物件の詳細な情報や、HPに掲載する為の写真等の提供を求められますので、できるだけ迅速に対応しましょう。
4-3. 内覧等の対応
個別の事情により、売却物件の内覧を断る売主もおられますが、可能な限り対応した方が成約につながりやすくなります。できるだけ清潔にして、見栄えが良いように片付けもやっておきましょう。飾り付けなどもできれば、物件全体の印象が良くなります。
4-4. 落札と売買契約
オークション期間内に一度でも入札があれば、落札が決定したということになります。最高額入札者と、速やかに売買契約のすり合わせを始めます。売買する際の詳細な条件の確認や、入金や引渡に関しての時期や方法についての話し合いが、不動産オークション運営側(担当者)を通してなされます。
4-4-1. 落札価格は予測できません
だいたい、いくらくらいなりそうかなどと、オークション関係の不動産会社にしても、はっきりした答えはありません。決定した落札価格についても、後で値上げ交渉やキャンセルもできません。納得できる価格で売りに出すことが後悔しないで済む唯一の方法かもしれません。
4-5. 引渡し
決済と同時に引渡を行います。担当者の案内に従って、売買契約の締結がなされます。契約書や重要事項説明書には、物件の詳細情報や取引に関する条件等が書かれていますが、出品段階での話し合いと相違ないかを確認する事が大切です。
5. 不動産の出品者側の注意点
出品者側として売主が注意しておかなければならないことがあります。最低限、このくらいは押さえておいてください。
5-1. 一般の売買より安くなることが多い
人気のエリアであったり、建物の価値が高い場合は、激しい競り合いの末に高値がつく可能性もあります。
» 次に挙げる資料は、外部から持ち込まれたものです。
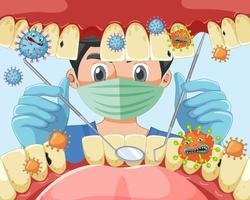 Dentist holding instruments examining patient teeth inside human mouth vector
しかし、短期間で売り抜く事がメリットでもある不動産オークションは、ほとんどの場合一般の売買より安い金額で決まることが多いです。相場通りぐらいの価格で出品すると、かえって入札が入らなくなります。
なるべく高値で売りたい場合は、やはり通常の不動産売買で腰を据えてじっくり売る方が良い場合もあります。通常の売買とオークション、どちらの方がいい結果が出るかはやってみなければわかりません。ただ、オークションの場合は売買価格の振れ幅が大きい、というのは注意すべき点です。
5-2. 最低落札価格は先に相場を調べておくこと
プロに任せるオークションとは言え、オークションに参入する前に、売主として自分の物件の売値の相場ぐらいは把握しておくようにしましょう。通常通りの不動産会社での売却相談や、インターネット上での一括査定サービスなんかも利用してみましょう。不動産会社によって大きく差が開くことも多いですが、大体の金額の目安にはなります。
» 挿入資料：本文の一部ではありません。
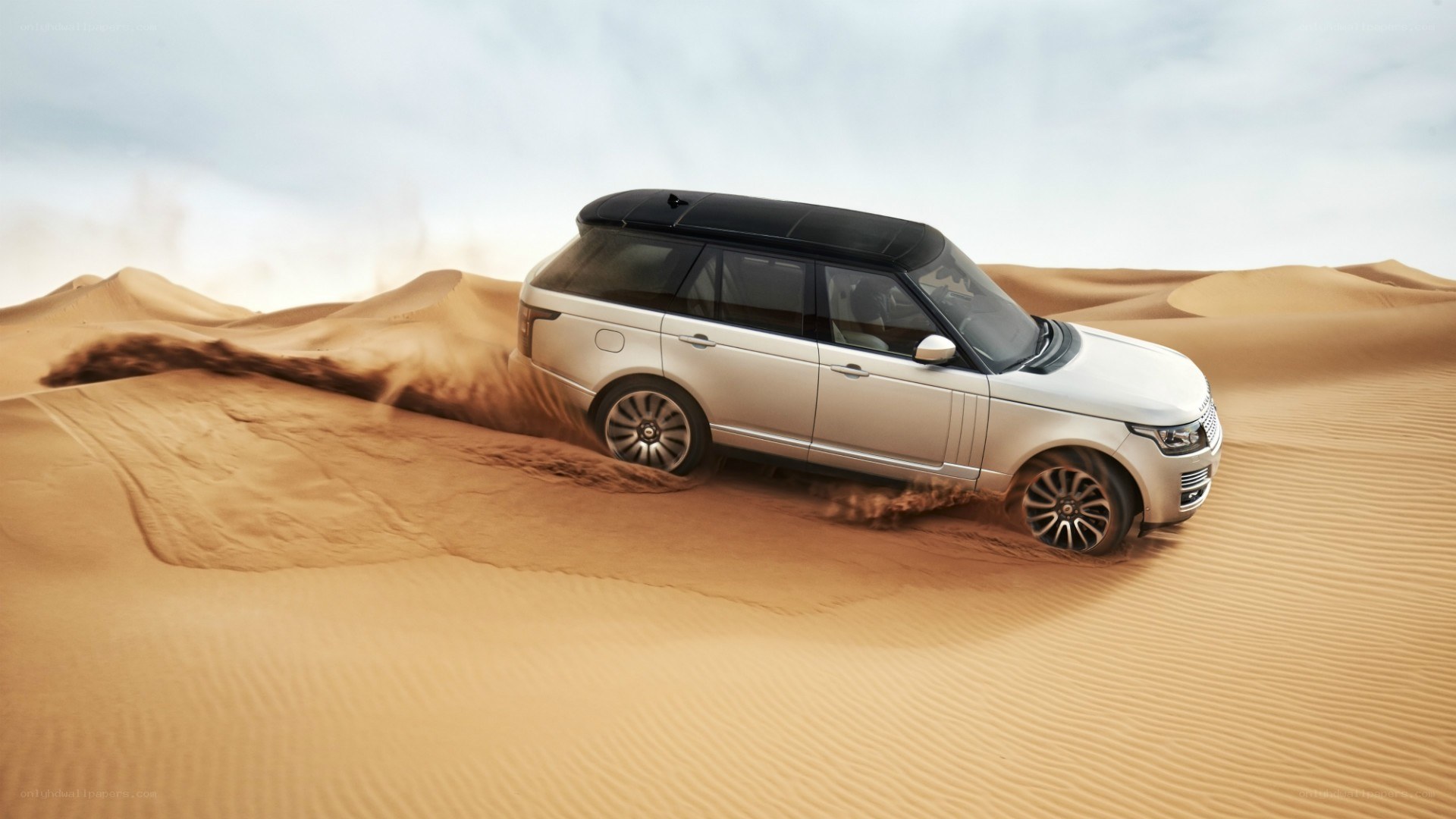 SUV driving on sand dunes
その金額を念頭に置いて、提示された最低落札価格と照らし合わせて、最低落札価格を決定しましょう。一番難しいステップですが、オークションを成功させる為の最重要ポイントになります。
5-3. 媒介契約について
オークションという形式上、売買を任せる不動産会社とは「専属専任媒介契約」というのを交わします。出品~売買契約締結後の引渡までの期間において、オークションとは関係ない別の不動産会社や、売主が連れてきた買主が現れれば大変なことになるからです。
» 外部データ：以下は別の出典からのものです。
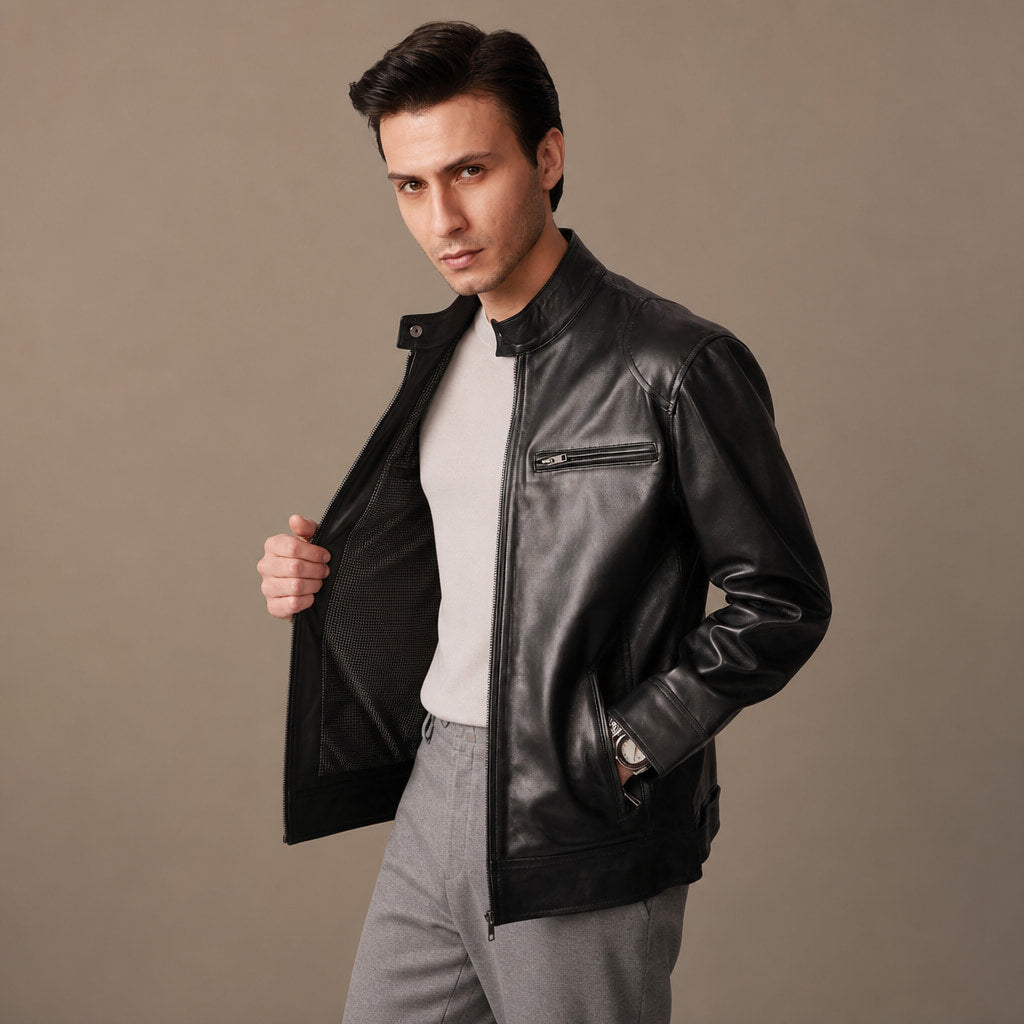 Smolder Black Cafe Racer Leather Jacket For Men Black – Side Angle View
つまり上記媒介契約においては、オークション期間中に、入札者以外の買主とは取引ができません。現在までで他の購入検討者と話が進んでいないか、他の不動産会社と媒介契約を交わしていないか(交わしていたら、その不動産会社が当該物件の購入検討者を抱えていないか)を、しっかり確認したうえでオークションの話を進めましょう。
5-4. 売買契約の内容や手順の確認
落札後の取引の流れや、売買に関わる手数料や引渡までの手順等を事前に確認しておきましょう。まだまだ成熟していない市場でもありますし、良心的な会社ばかりが運営しているオークションばかりとは限りません。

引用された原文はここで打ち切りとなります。